## AIM OF THE TASK
Each line in the records below that has the word "always" should be copied.

## GIVEN RECORDS

+++++

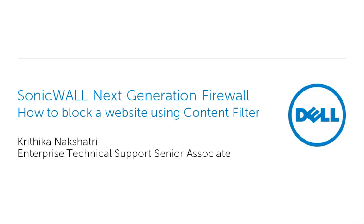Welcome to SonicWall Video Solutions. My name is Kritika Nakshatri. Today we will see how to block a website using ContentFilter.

+++++

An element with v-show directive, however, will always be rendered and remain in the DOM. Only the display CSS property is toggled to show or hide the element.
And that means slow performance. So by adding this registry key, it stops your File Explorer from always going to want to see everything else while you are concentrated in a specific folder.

+++++

## ANSWER SPACE
An element with v-show directive, however, will always be rendered and remain in the DOM. Only the display CSS property is toggled to show or hide the element.
And that means slow performance. So by adding this registry key, it stops your File Explorer from always going to want to see everything else while you are concentrated in a specific folder.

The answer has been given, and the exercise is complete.